Records for this exercise:
= = = = =

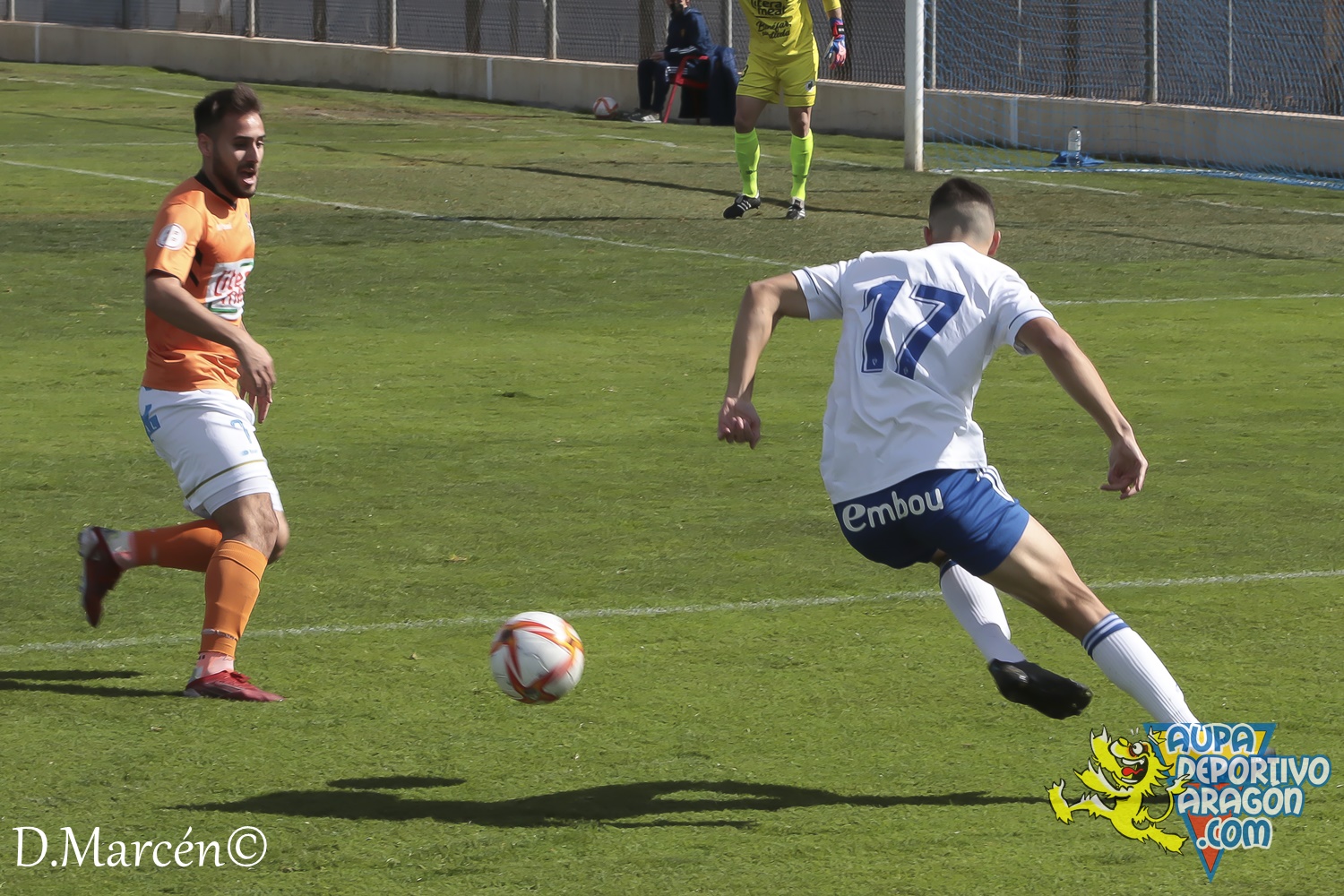 24 - 13-03-2022 - 3ªGXVII - D. Aragón 2-1 C.D. Binéfar (16)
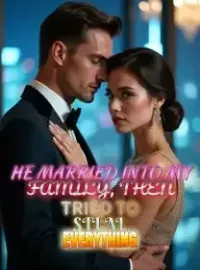 He Married Into My Family, Then Tried to Steal Everything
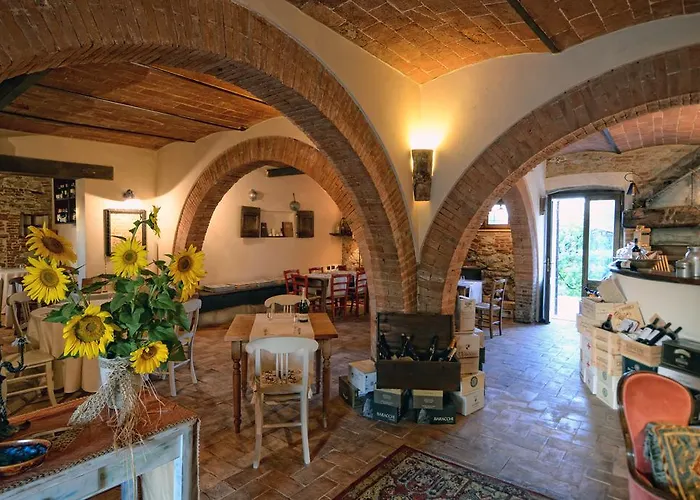 شقة Casale Baldelli *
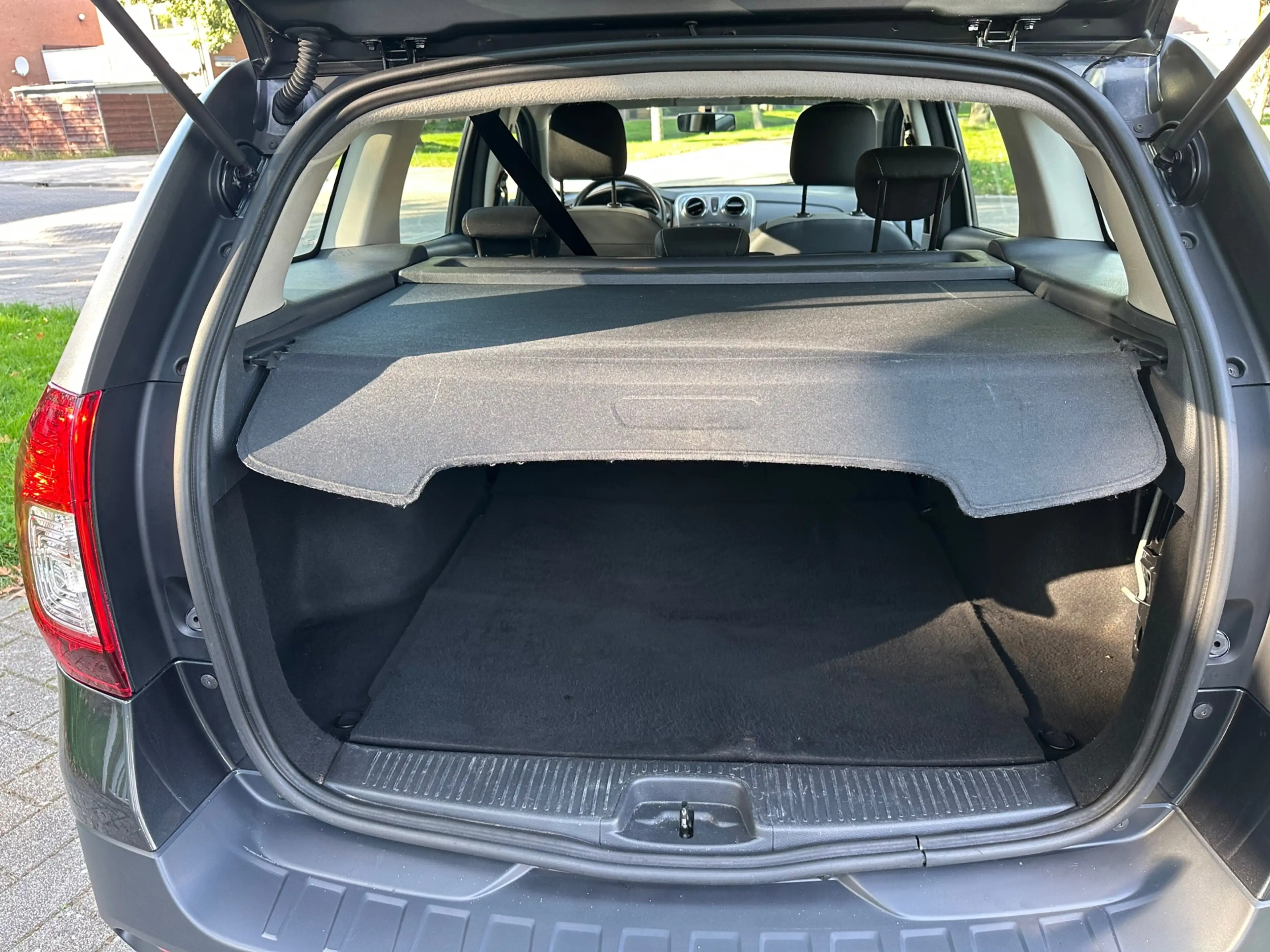 Dacia Logan MCV 0.9 TCe Stepway airco trekhaak cruise control — photo 13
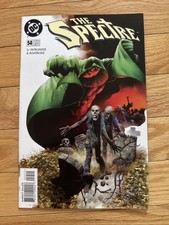 The Spectre #54 Comic Book (1997) First Appearance  Mr. Terrific picture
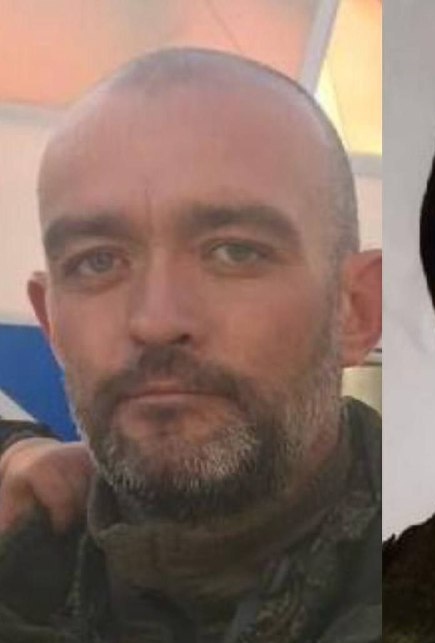 Фото: Погибший на войне с Украиной Кольчугин Сергей Владимирович. Владимирская область, мотострелковые войска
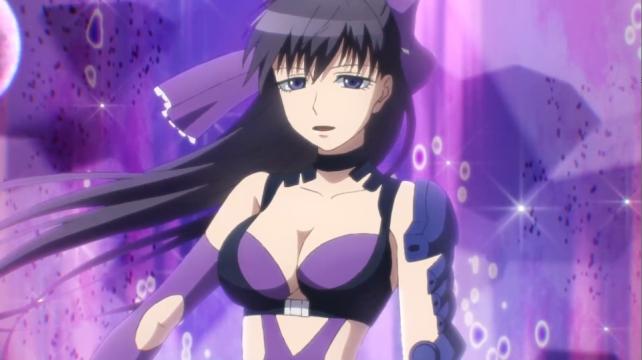 ちさとはバベル旅団側の魔法少女となる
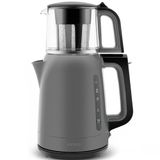 Karaca Mega Tea 1501 Space Gray Çay Makinesi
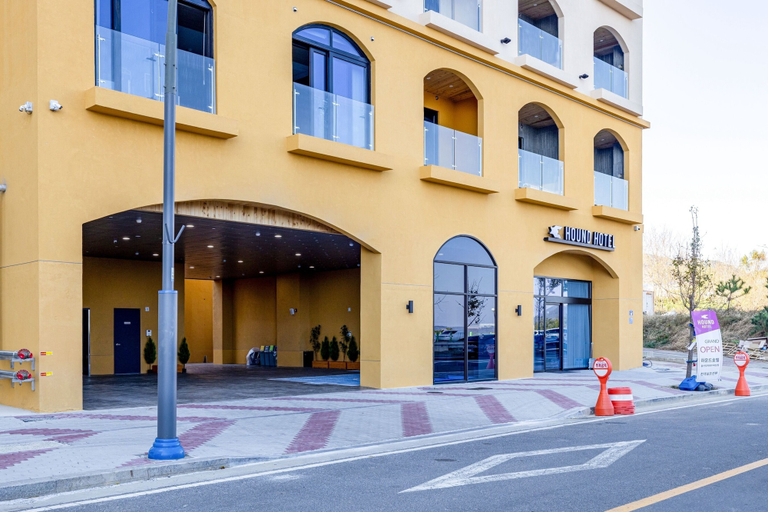 Exterior & Views 2, Hound Hotel Ulsan, Gyeongju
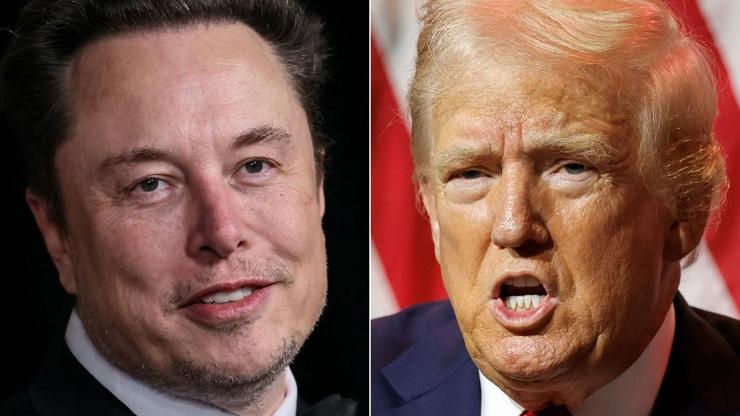 Trump planını açıkladı: Elon Muskı komisyon başkanı yapacak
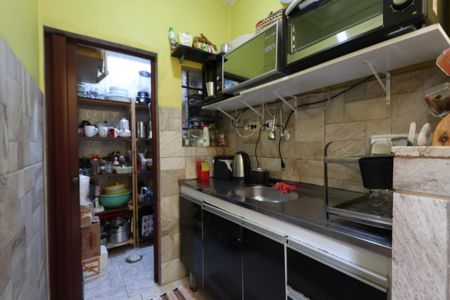 Casa à venda com 120m², 2 quartos e 2 vagasCozinha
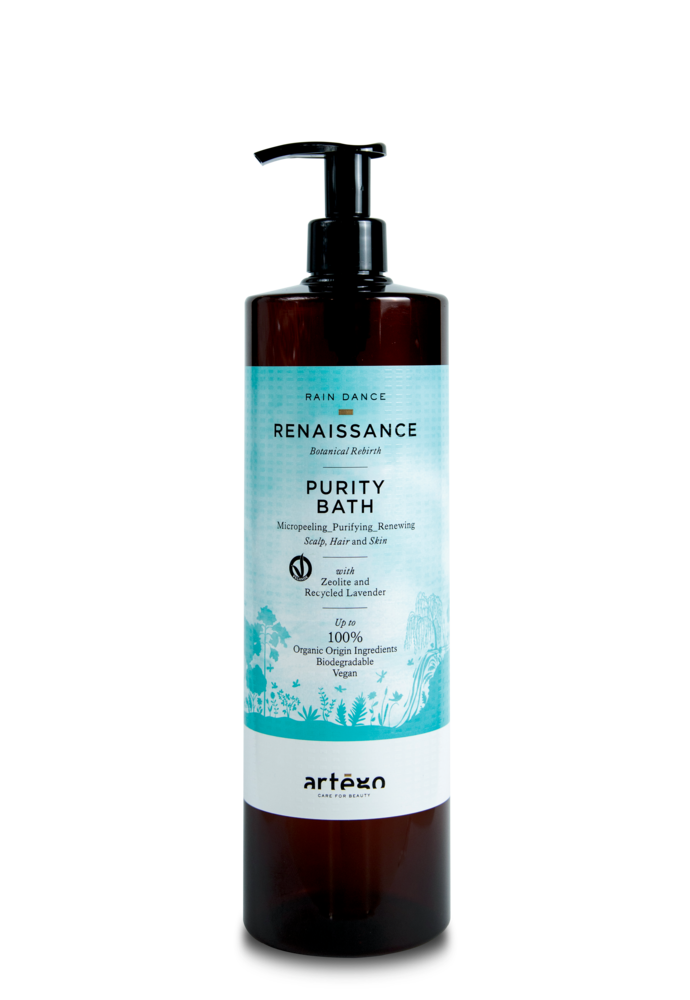 01-023381 RAIN DANCE RENAISSANCE PURITY BATH 1L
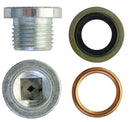 Pearl PSP105 Sump Plug Kit Citroen M16
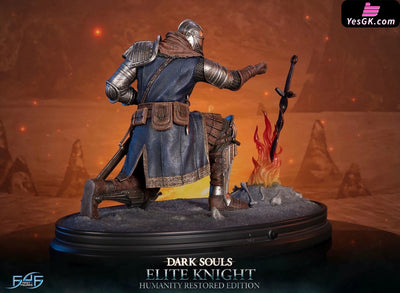 Dark Souls Elite Knight Armor Statue - Frist 4 Figures Studio [Pre-Order] Other Animes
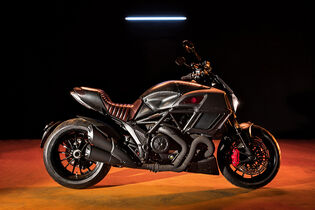 ducati diavel chopper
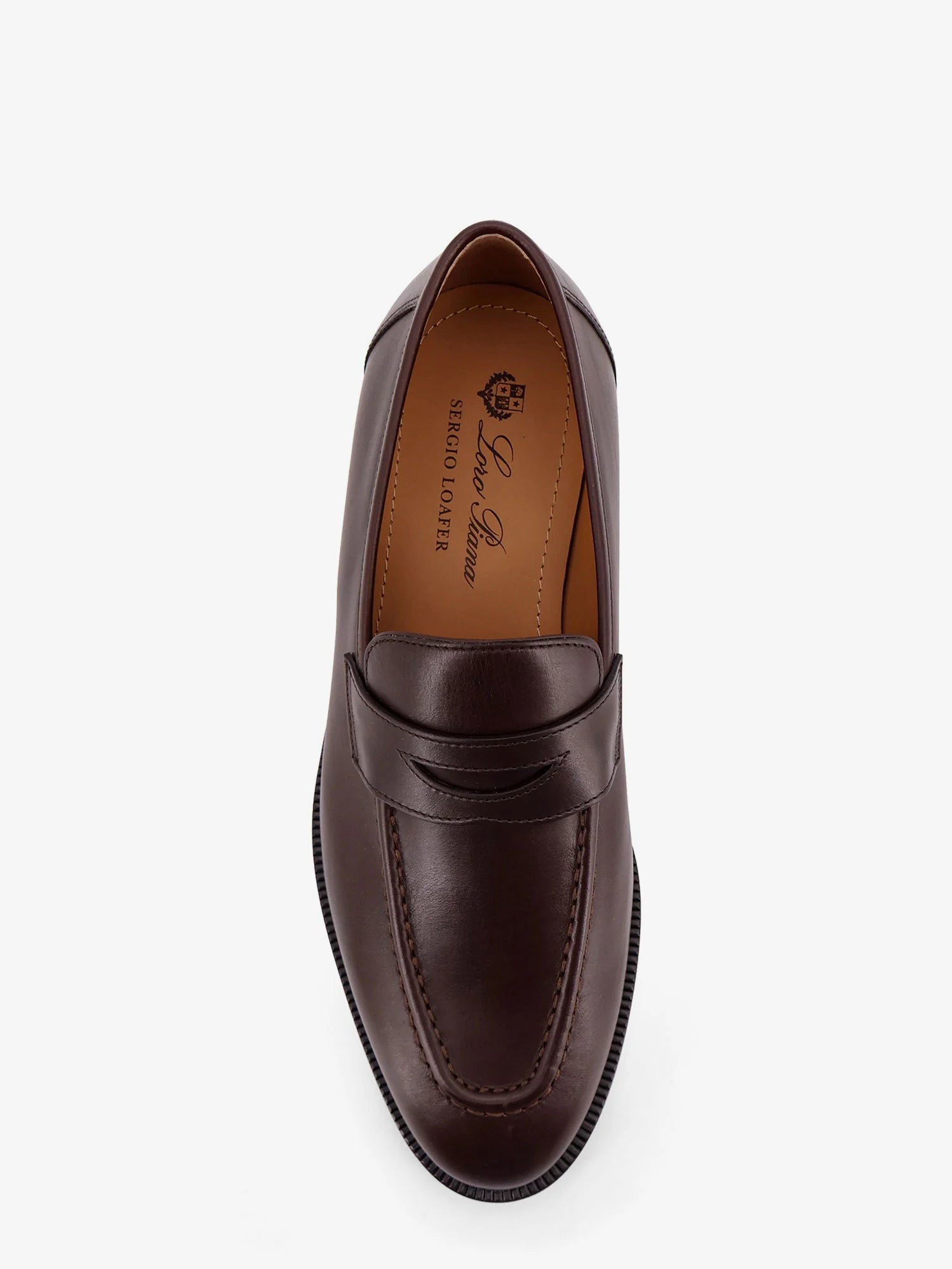 Sergio Walk leather loafers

= = = = =

What the exercise asks: Lines from the one containing "Dacia Logan MCV" through the end of the listing, both included, are to be restated exactly, and pictures are to be left out.

Answer to the problem:
 Dacia Logan MCV 0.9 TCe Stepway airco trekhaak cruise control — photo 13
 The Spectre #54 Comic Book (1997) First Appearance  Mr. Terrific picture
 Фото: Погибший на войне с Украиной Кольчугин Сергей Владимирович. Владимирская область, мотострелковые войска
 ちさとはバベル旅団側の魔法少女となる
 Karaca Mega Tea 1501 Space Gray Çay Makinesi
 Exterior & Views 2, Hound Hotel Ulsan, Gyeongju
 Trump planını açıkladı: Elon Muskı komisyon başkanı yapacak
 Casa à venda com 120m², 2 quartos e 2 vagasCozinha
 01-023381 RAIN DANCE RENAISSANCE PURITY BATH 1L
 Pearl PSP105 Sump Plug Kit Citroen M16
 Dark Souls Elite Knight Armor Statue - Frist 4 Figures Studio [Pre-Order] Other Animes
 ducati diavel chopper
 Sergio Walk leather loafers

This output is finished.